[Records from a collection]
________________________

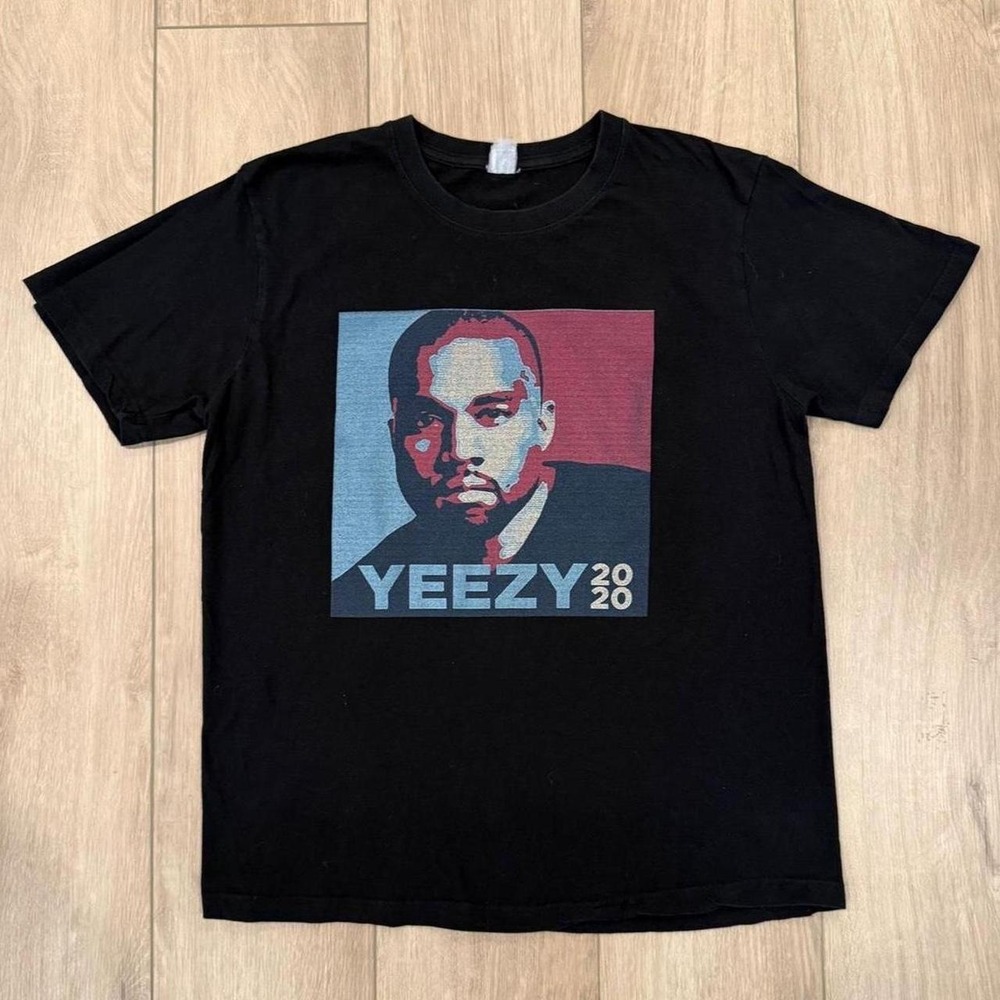 Yeezy 2020 Tee with graphic of a Kanye's face with the text 'YEEZY 2020' Size L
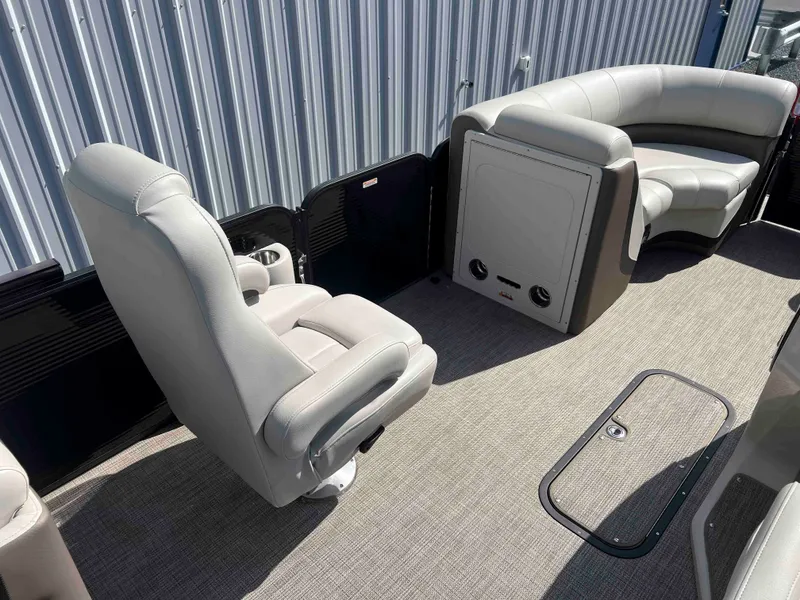 Slide: The Image of Manitou 23 Oasis VPII 2022 - 8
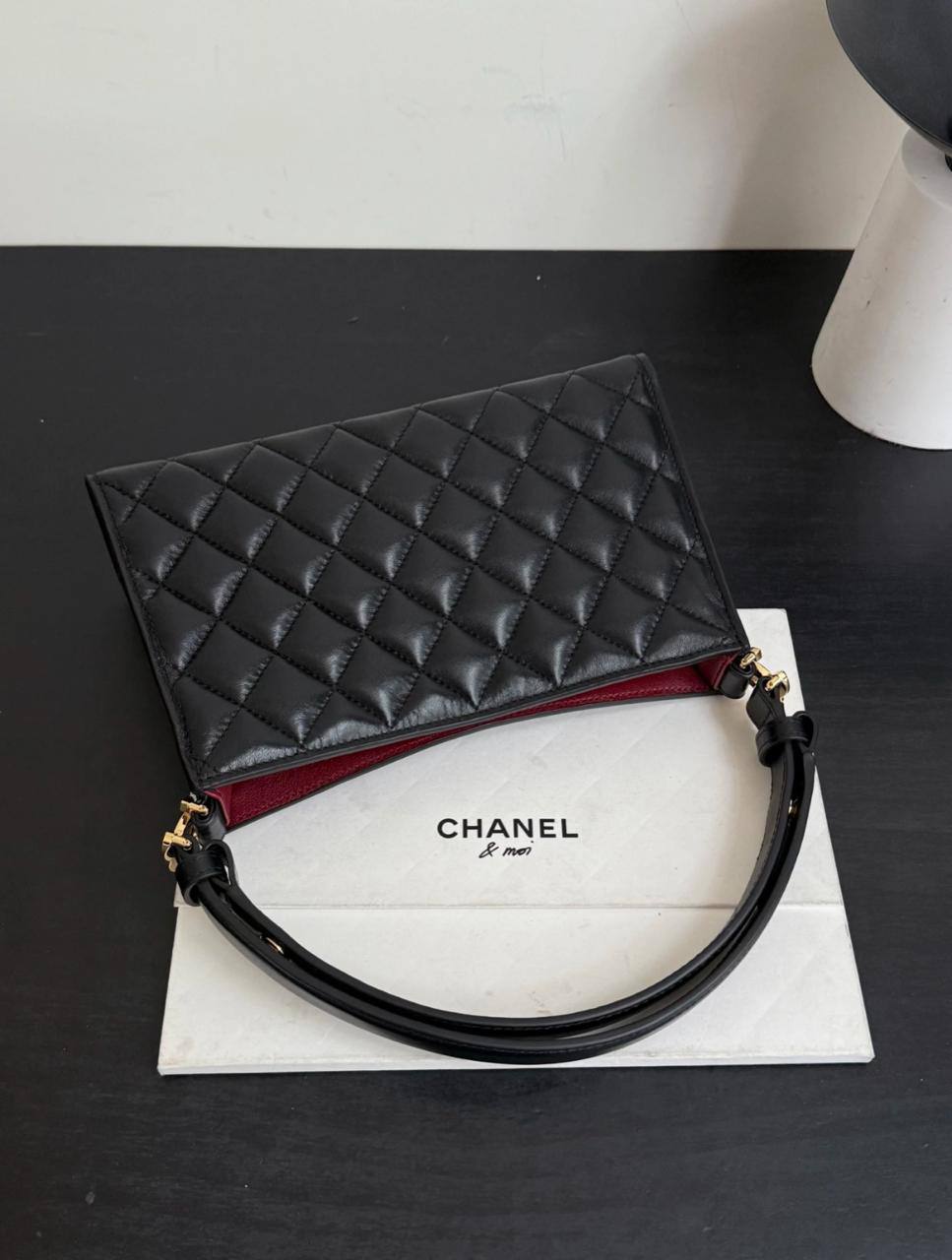 Chanel
100 dhs💓

Size:22.5/7/14

with box
🎁🎁🎁

Zain07
♥️♥️♥️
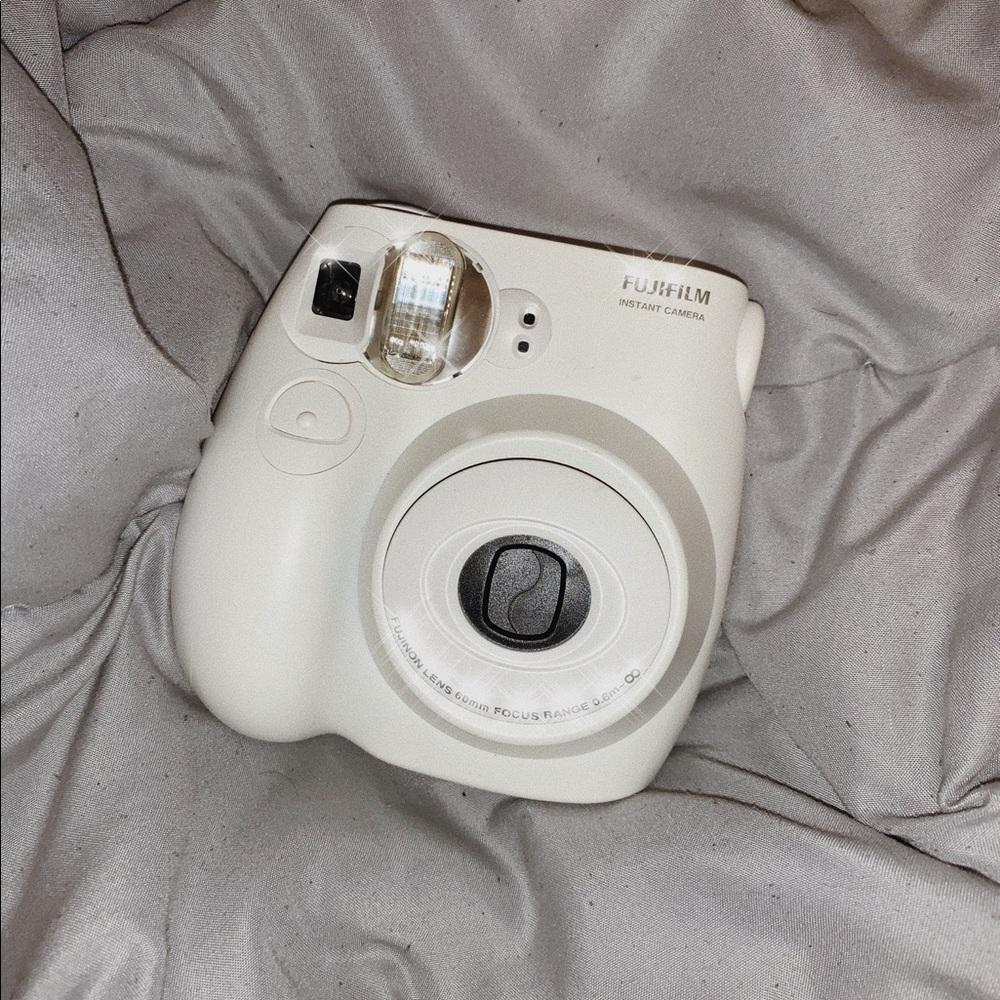 Insta Mini 7s (Polaroid camera)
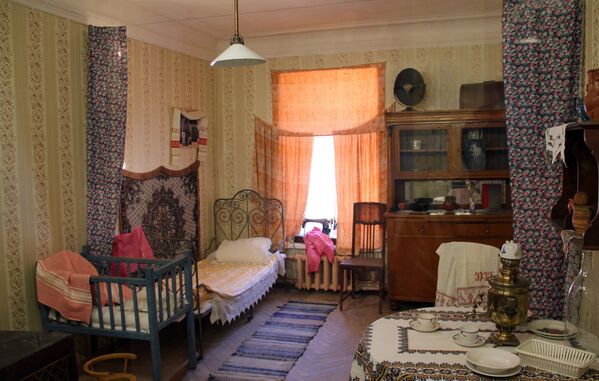 Интерьер комнаты коммунальной квартиры на выставке Коммунальный рай, или Близкие поневоле в Особняке Румянцева, Санкт-Петербург - Sputnik Южная Осетия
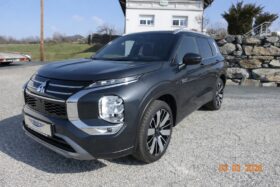MITSUBISHI Outlander PHEV 2,4 4WD Diamond 2-tone Led.Schwarz AT 26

________________________

__Work to complete__. Retype the lines exactly. Begin at the one that holds "Insta Mini 7s (Polaroid camera)", stop at the last line of the entries above, and drop the pictures.

__Your solution__.
 Insta Mini 7s (Polaroid camera)
 Интерьер комнаты коммунальной квартиры на выставке Коммунальный рай, или Близкие поневоле в Особняке Румянцева, Санкт-Петербург - Sputnik Южная Осетия
MITSUBISHI Outlander PHEV 2,4 4WD Diamond 2-tone Led.Schwarz AT 26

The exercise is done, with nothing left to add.